If you want to know me, then you must know my story, for my story defines who I am. And if I want to know myself, to gain insight into the meaning of my own life, then I, too, must come to know my own story. I must come to see in all its particulars the narrative of the self--the personal myth--that I have tacitly, even unconsciously, composed over the course of my years. It is a story I continue to revise, and tell to myself (and sometimes to others) as I go on living.

I thought that those of us who write about our lives in pubic blogs could appreciate this perspective. No, we're not just wasting time here.

I also want to pass on this resource: Story Circle Network.

(edited to add link)
Ariana Dawnhawk: Tori Chalcedonyarianadawnhawk on January 9th, 2006 05:29 am (UTC)
That's a really nifty quote. I've thought about stuff like that before - there's a short story by Ursula K. LeGuin called "Dancing to Ganam" that's sort of about that. As is the semi-prequel story "The Shobie's Story". You can find them in the book A Fisherman of the Inland Sea.

Good perspective on blogging too. :) I sometimes think that I also do it in honor of Seshat, She who records and remembers.
Tapatitapati on January 9th, 2006 11:34 am (UTC)
Thanks, I'll have to check those stories out.

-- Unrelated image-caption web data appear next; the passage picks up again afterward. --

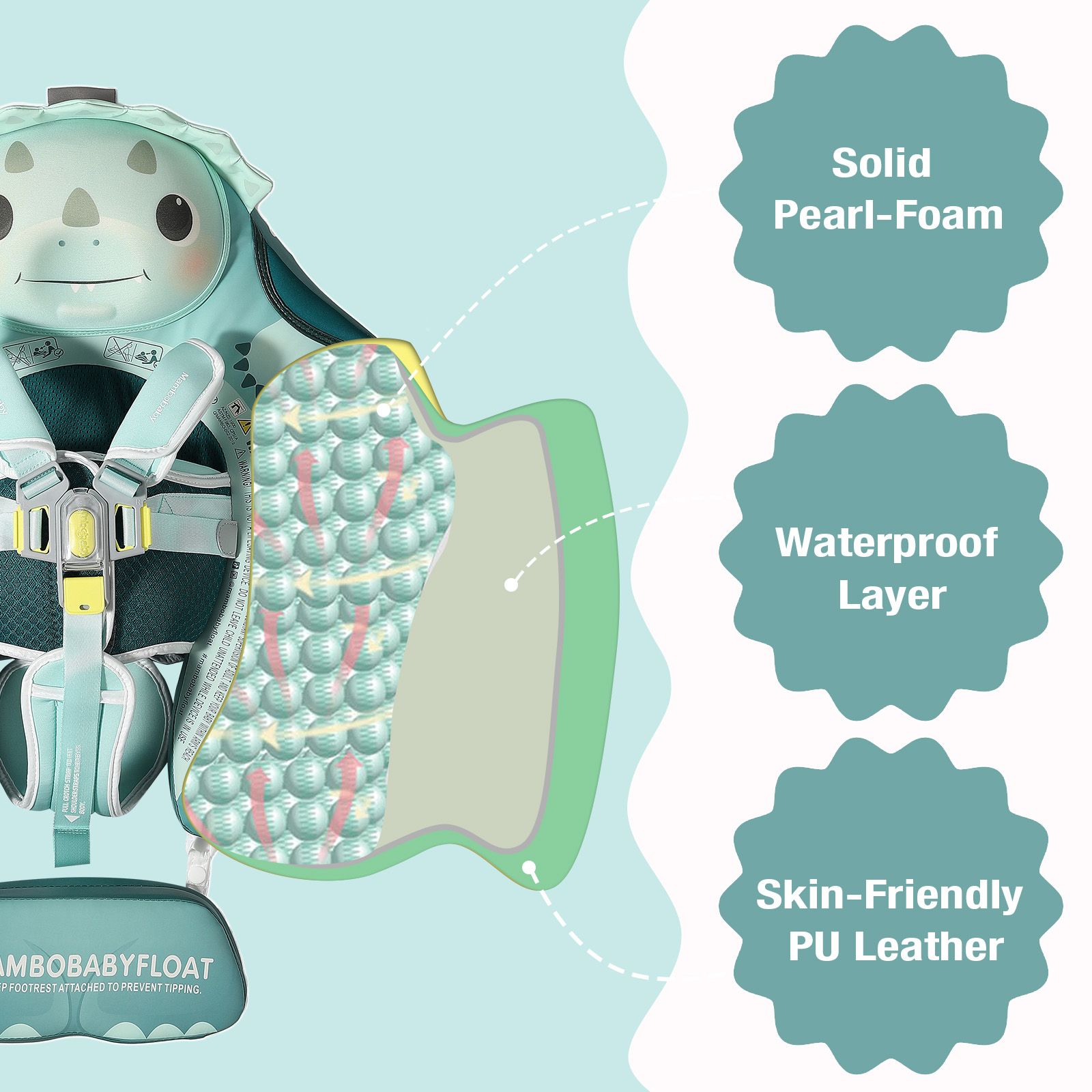 Mambobaby Float No-Slip Safe H - đánh giá và giá Baby Swimming Floater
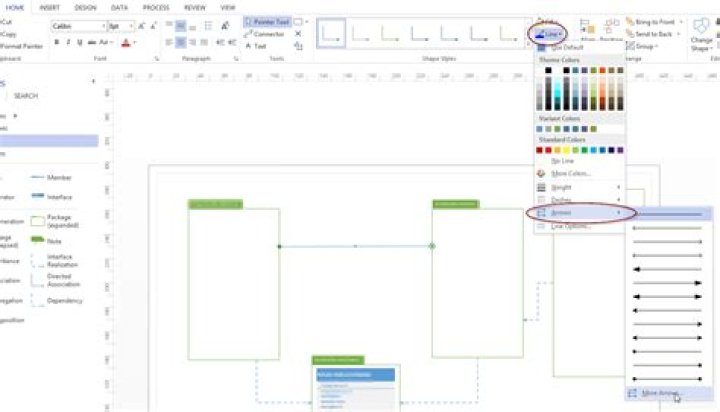 How Do I Get Bi-Directional Arrows In Visio 2013
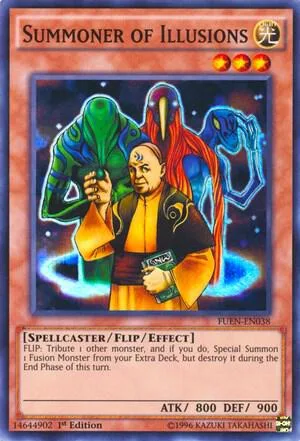 Summoner of Illusions FUEN-EN038 1st Edition Yu-Gi-Oh card from Fusion Enforcers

I haven't read anything by LeGuin in awhile.

In my women's history class I remember the teacher emphasizing that what little we knew about colonial women's lives was from their diaries, letters and journals--even cookbooks--that had been preserved by their families. Historians may record events, but our personal writings record how we felt about them while we lived through them.

And of course I love the idea of honoring Seshat. :) We are modern scribes.